Grok Build vive nel terminale. Una volta installato basta spostarsi nella cartella del progetto e chiedergli di correggere un bug, aggiungere una funzione o riorganizzare qualcosa. Non si limita a guardare il singolo file aperto: analizza l’intero repository e interviene dove serve. Può anche generare dei sub agenti per portare avanti più modifiche in parallelo, cosa che torna utile quando le richieste sono corpose.

Dal momento che tutta l’elaborazione avviene nel cloud, l’installazione non richiede una macchina particolarmente potente e funziona praticamente su qualsiasi computer. Su Windows si apre PowerShell cercandolo dal menu e si incolla questo comando:

irm https://x.ai/cli/install.ps1 | iex

Su macOS e Linux il procedimento è quasi identico, cambia solo lo strumento: serve una finestra di Terminale. Su Linux la maggior parte delle distribuzioni ha un menu di ricerca simile a quello di Windows, mentre su macOS basta la combinazione Cmd più Spazio per richiamare Spotlight. Il comando da usare è questo:

curl -fsSL https://x.ai/cli/install.sh | bash

Finita l’installazione, si raggiunge la cartella del progetto con il comando cd, per esempio cd ~/my-first-webapp, e si avvia l’interfaccia digitando semplicemente grok. Al primo lancio si apre il browser con una schermata di login: l’accesso avviene con l’account X.

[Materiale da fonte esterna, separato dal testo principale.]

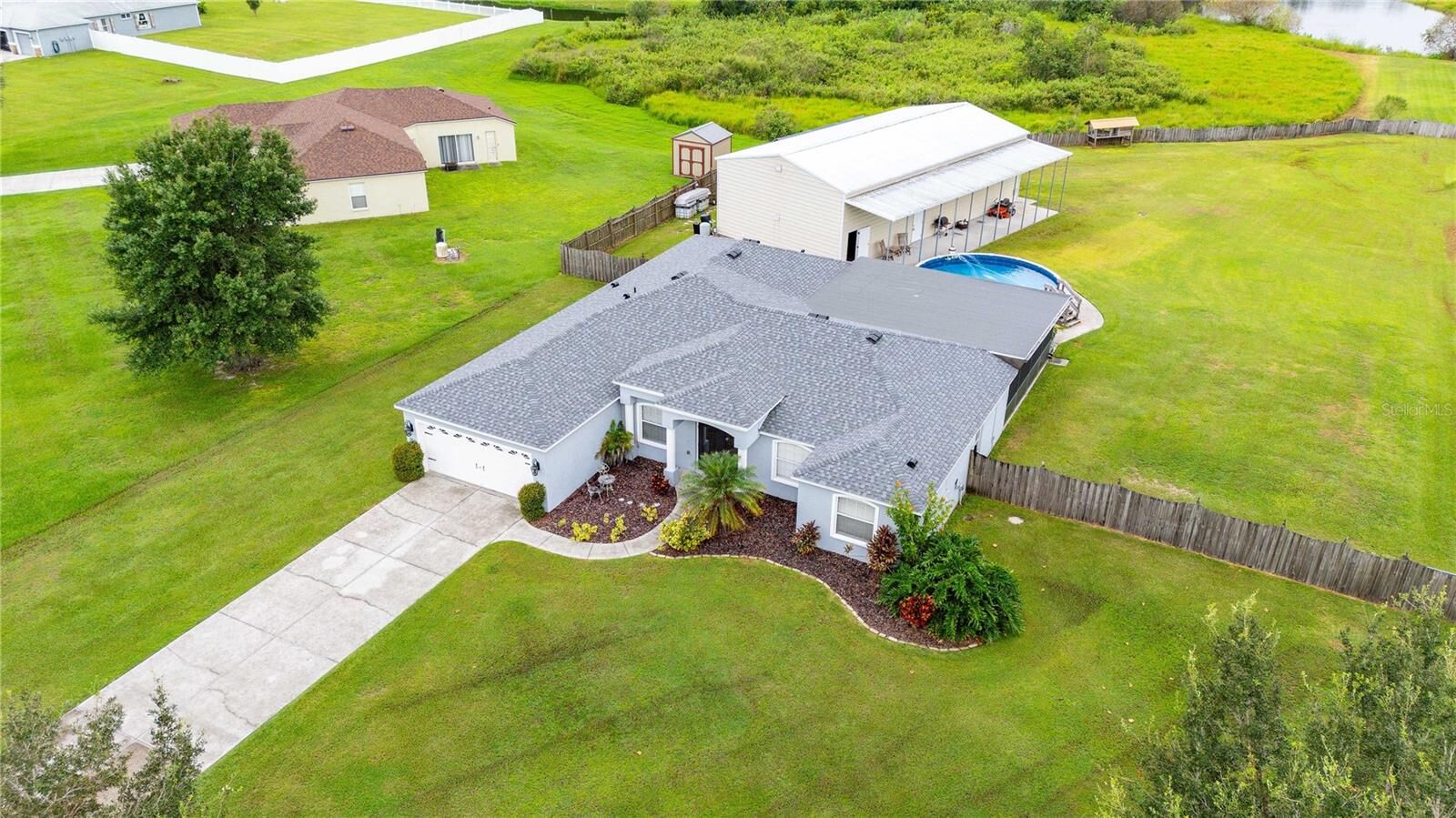 Property Photo:  1552 Avondale Ridge Drive  FL 33567 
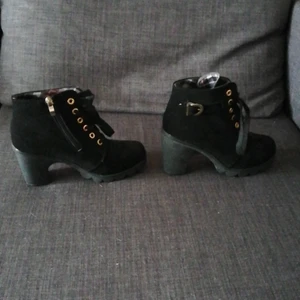 Svarta klackskor  - Storlek 37. Har aldrig använt dessa skor. Klacken är 8cm 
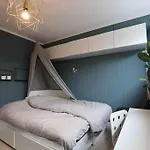Sjonaert Hus Pa Idylliske Husoy 別荘 テンスベル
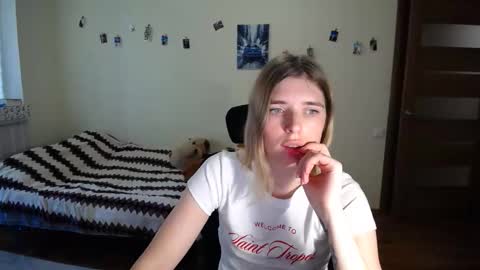 Snapshot of callmesweett chatting on 11, 5, 2026 callmesweett online show from 11, 5, 2026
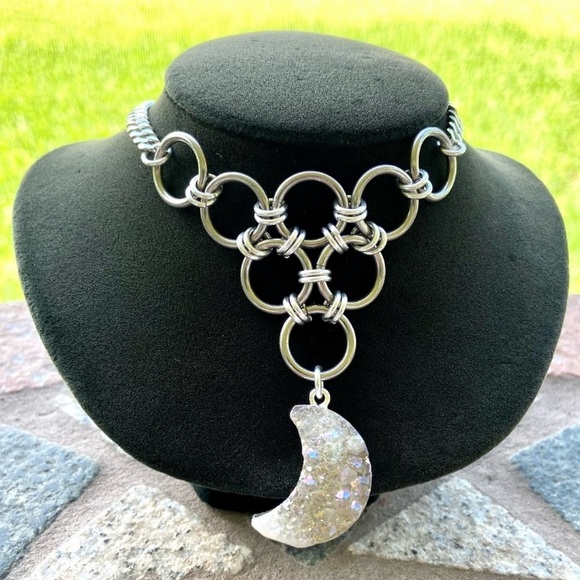 Maille stainless steel necklace with rainbow iridescent druzy quartz moon charm - Picture 5 of 12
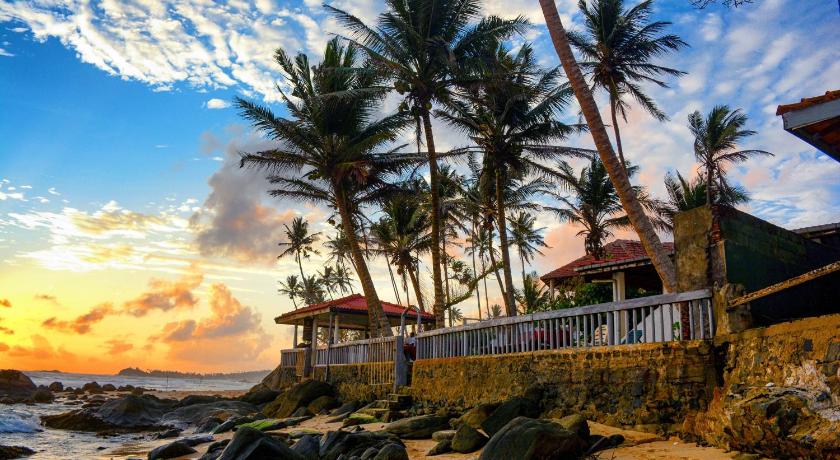 Shanthi Beach Resort photo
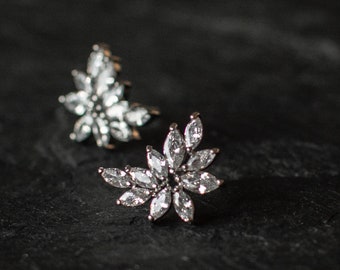 Luxury CZ Flower Shape Stud Earrings, CZ Leaf Shape Stud Earrings, Bridal Pearl Earrings, Bridesmaid Gift, Occassion Earring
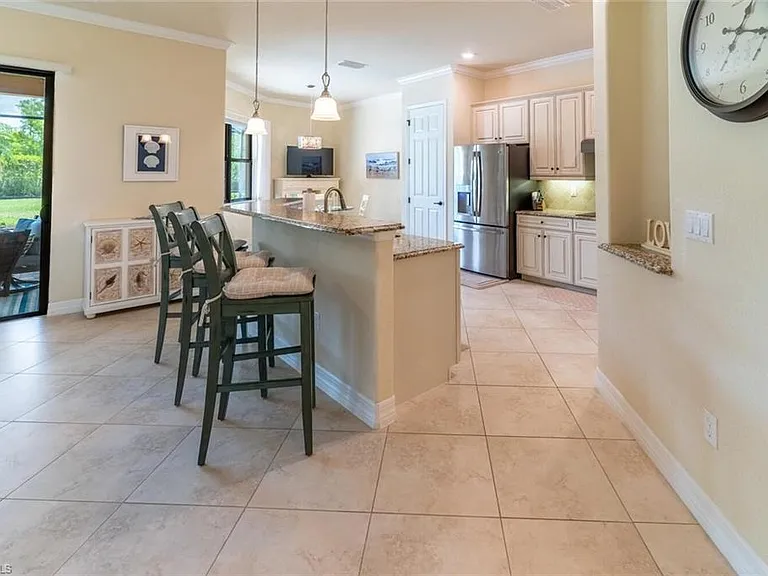 9372 Vercelli Ct — Photo 8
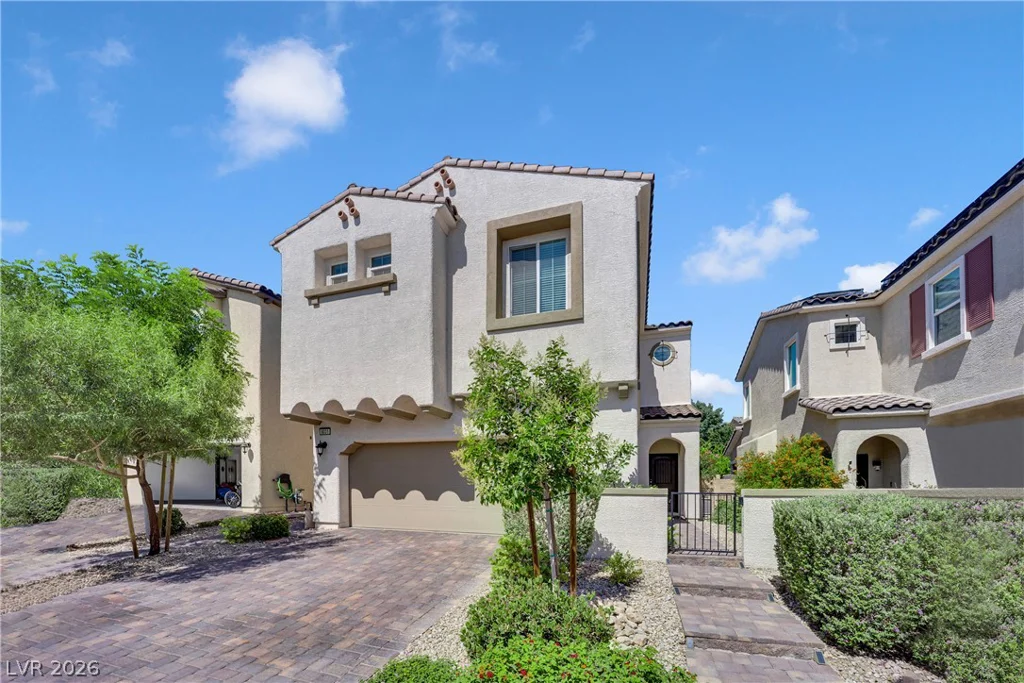 8031 Skye Bridge, Las Vegas, NV 89166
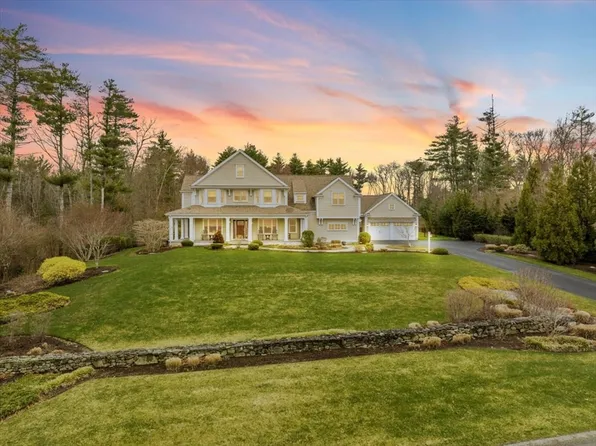 6 Woodland Ridge Dr, Lakeville, MA 02347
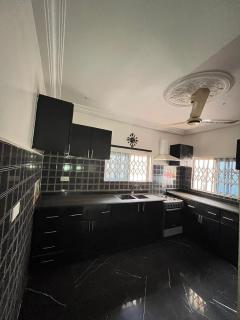Mavis Lodge - 3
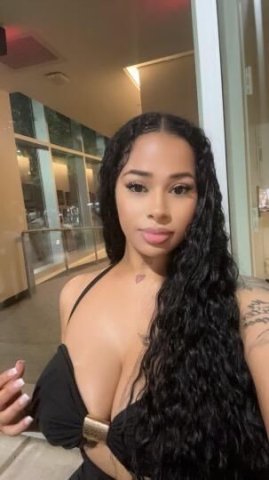 Upscale latina mami - 1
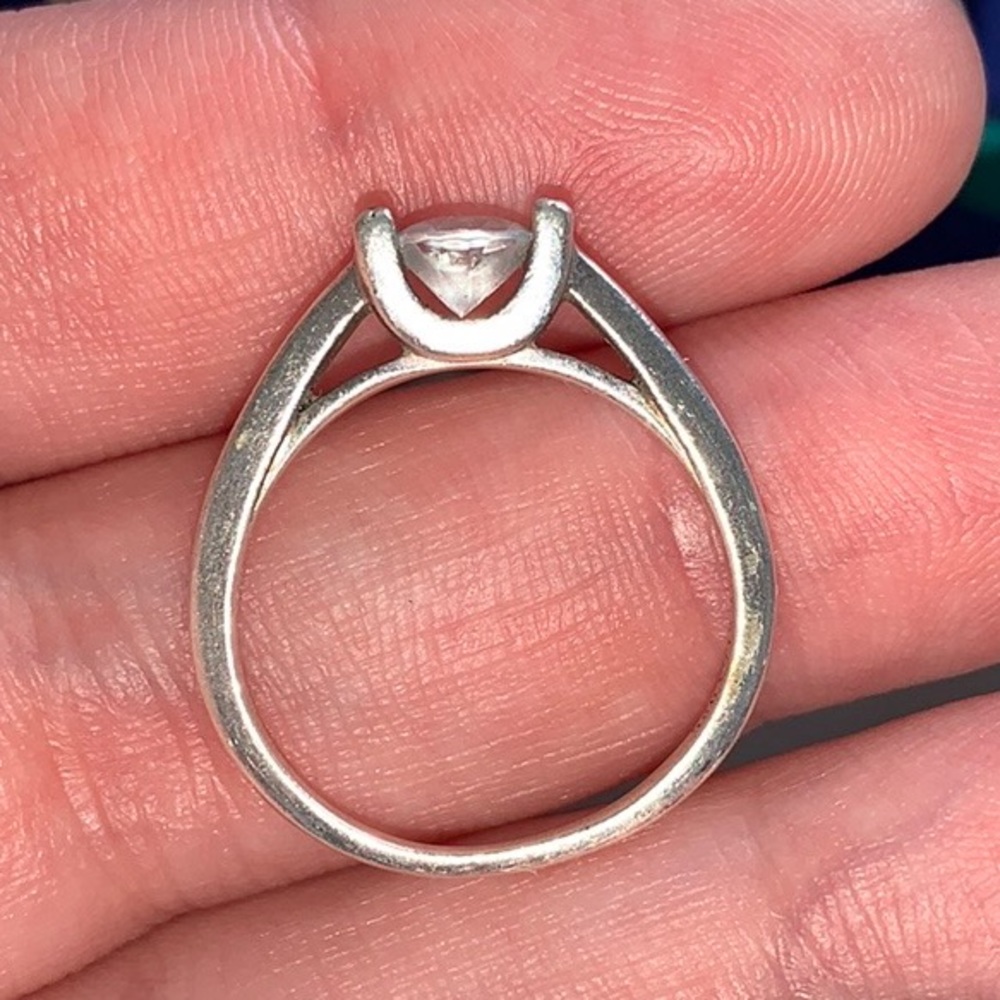 Ring - Picture 2 of 2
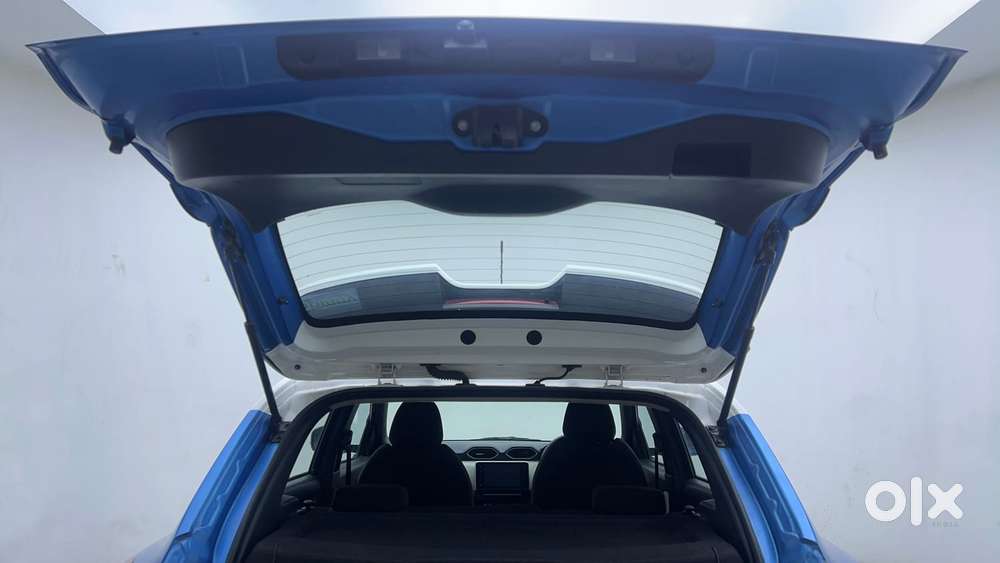 Nissan Magnite 1.0 Xv, 2021, Petrol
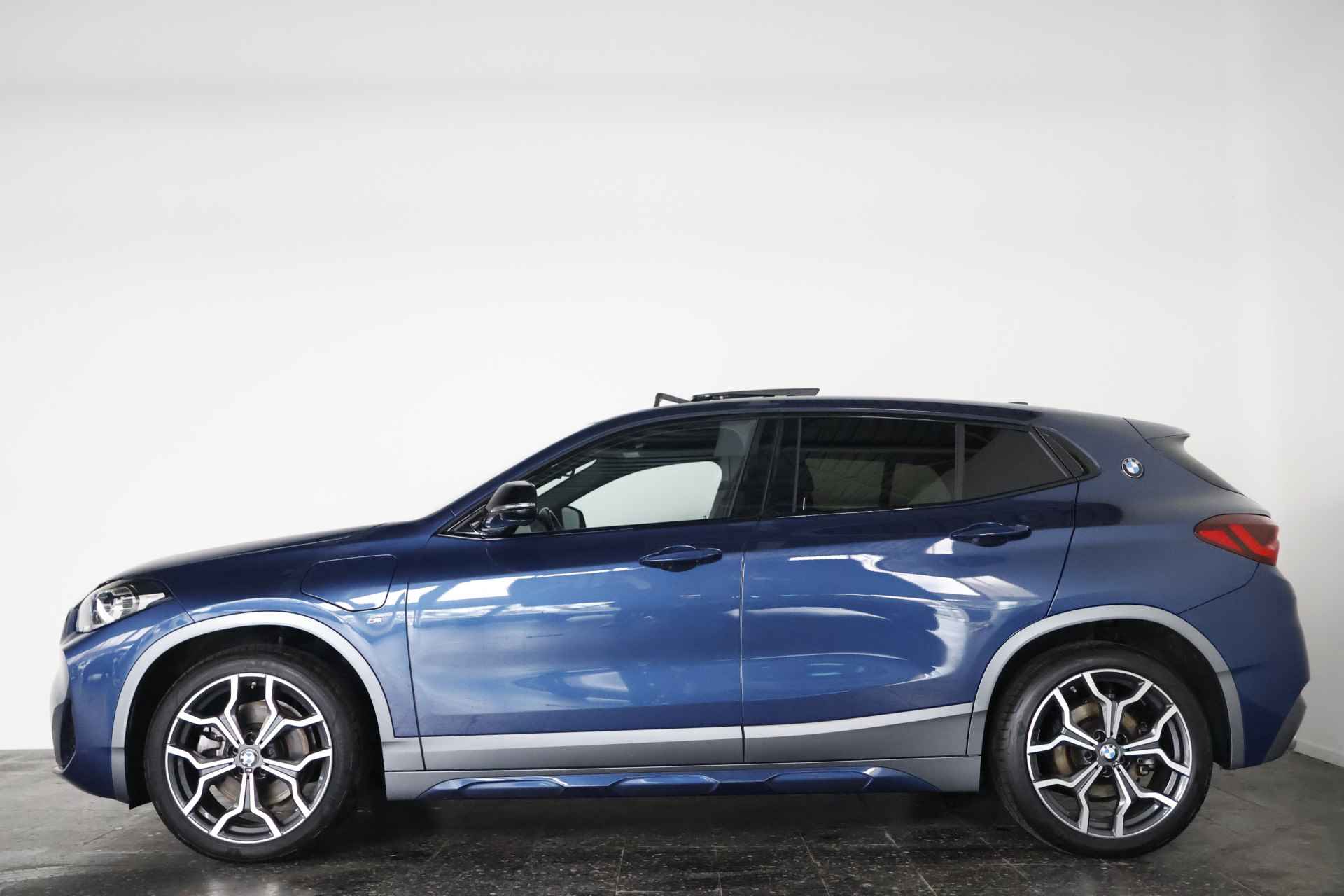 BMW X2 xDrive25e M-Sport Panorama / Opendak / LED / HUD / Navi / CarPlay - 32/32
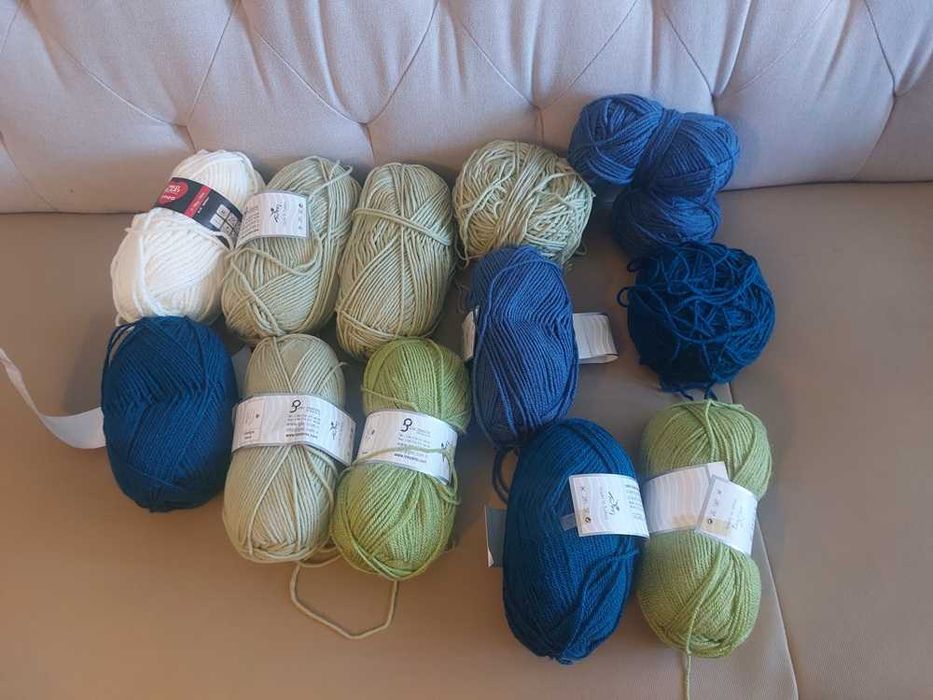 Vários novelos de 100grs Acrilico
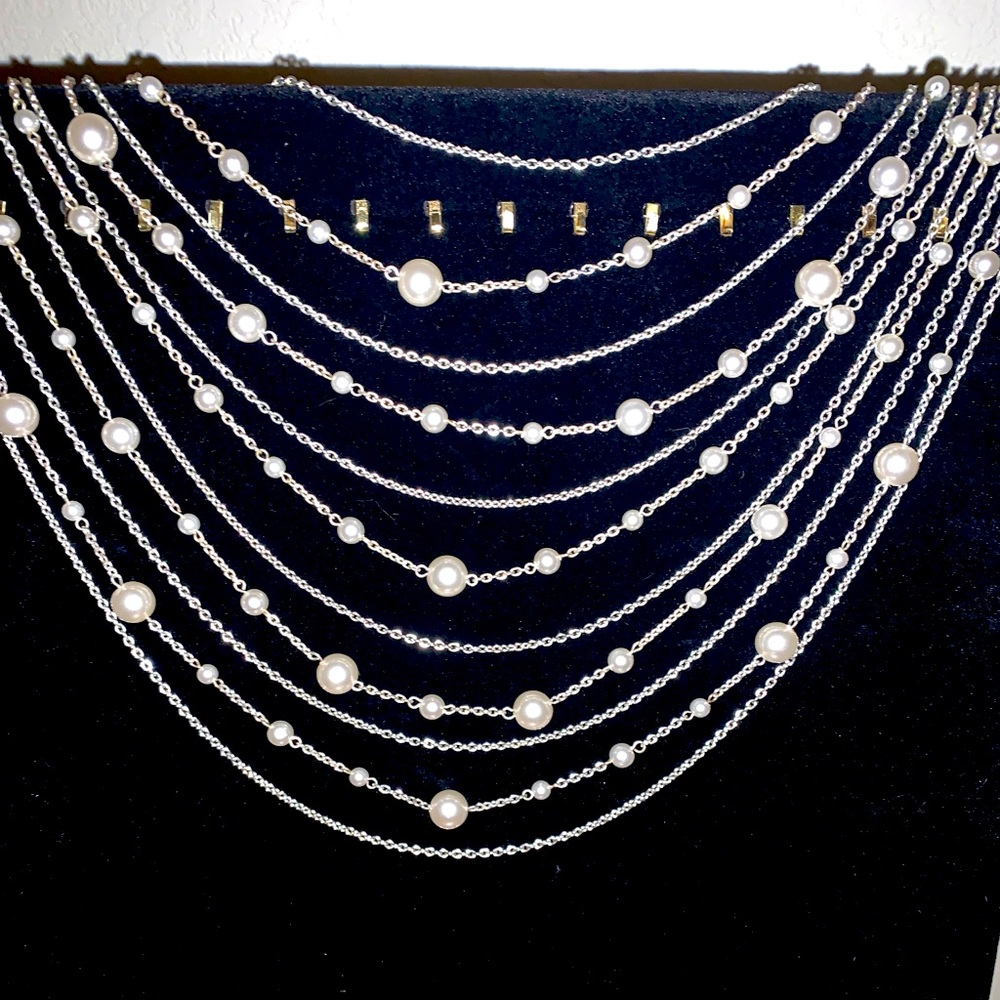 Pearl and Silvertone chain necklace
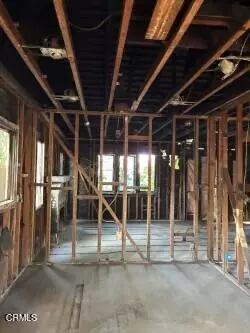 Entry Way - 625 E Penn St, Pasadena, CA 91104 photo 5 of 7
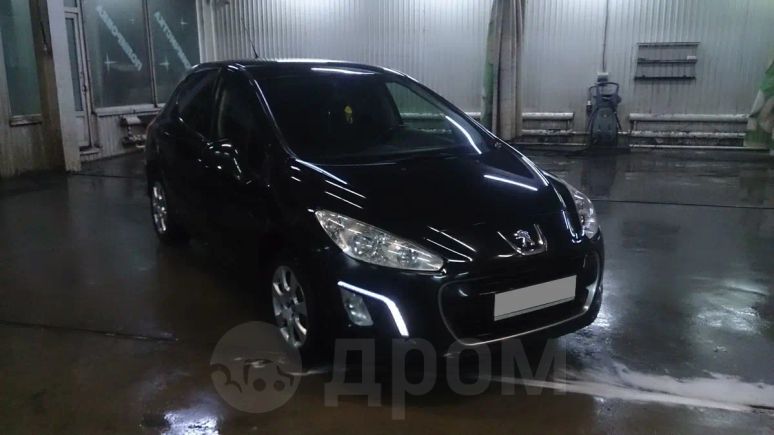  Peugeot 308 2011 , 399000 ,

Come si usa e quanto costa

Pur girando interamente in una finestra di terminale, Grok Build supporta il mouse, quindi si può cliccare sugli elementi dei menu invece di muoversi solo da tastiera. Per mettere mano al codice in prima persona, però, resta necessario un editor di testo come Visual Studio Code. È una distinzione che conta, perché alcune piattaforme concorrenti, come Antigravity di Google, offrono un ambiente di sviluppo integrato completo.

Dentro l’interfaccia si dialoga attraverso un campo di testo. Le richieste possibili vanno dalle più semplici, tipo farsi spiegare come è strutturato il codice, a quelle operative: installare gli strumenti necessari per testare il progetto, per esempio. Nel caso di una web app, Grok si occupa di mettere in piedi un server, sistemare tutte le dipendenze e avviare l’applicazione. In alternativa può costruire una web app da zero con un singolo comando, indicando anche come metterla online. Poi si procede una richiesta alla volta, aggiustando quello che non funziona.

Il capitolo costi è legato al piano Grok sottoscritto. Con l’account gratuito i token finiscono in fretta, mentre i limiti si allargano parecchio passando a SuperGrok, che parte da circa 27 euro al mese e arriva a circa 270 euro al mese per la versione Heavy. I limiti di utilizzo si azzerano una volta a settimana e la soglia disponibile cresce con il prezzo dell’abbonamento.

Un accorgimento utile prima di lanciare modifiche importanti su un progetto è passare dalla modalità plan di Grok Build. Serve a evitare che l’agente intervenga dove non dovrebbe, bruciando token nel frattempo.